DATASET EXTRACT:
___

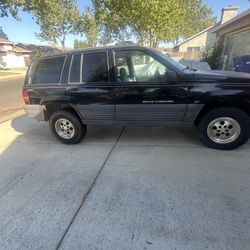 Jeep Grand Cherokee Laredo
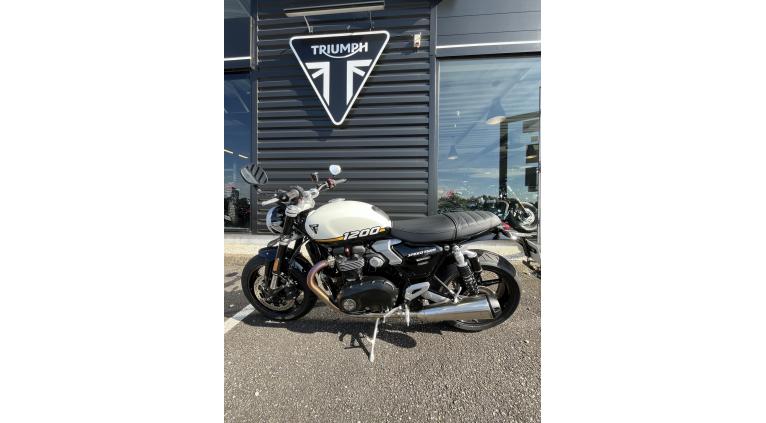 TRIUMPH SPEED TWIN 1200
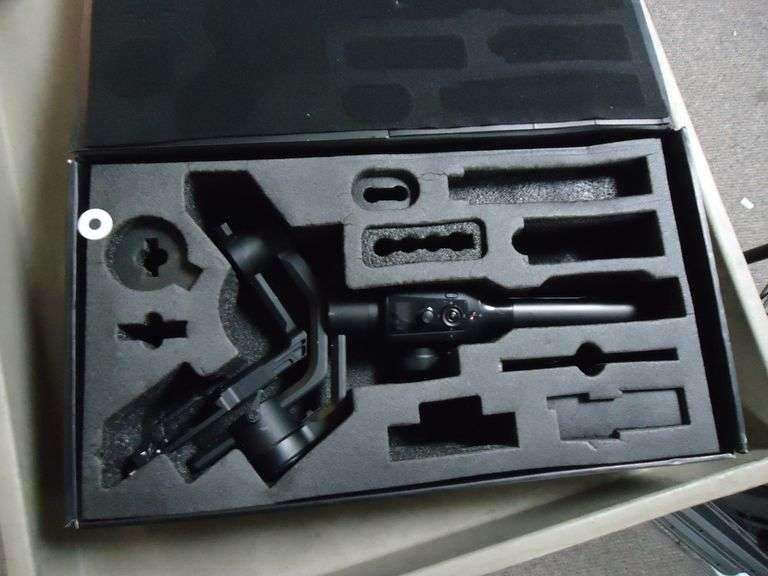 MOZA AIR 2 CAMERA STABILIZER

___

WHAT IS NEEDED: Word for word, reproduce the listing above; no image should be carried over.

RESULT OF THE EXERCISE:
 Jeep Grand Cherokee Laredo
 TRIUMPH SPEED TWIN 1200
 MOZA AIR 2 CAMERA STABILIZER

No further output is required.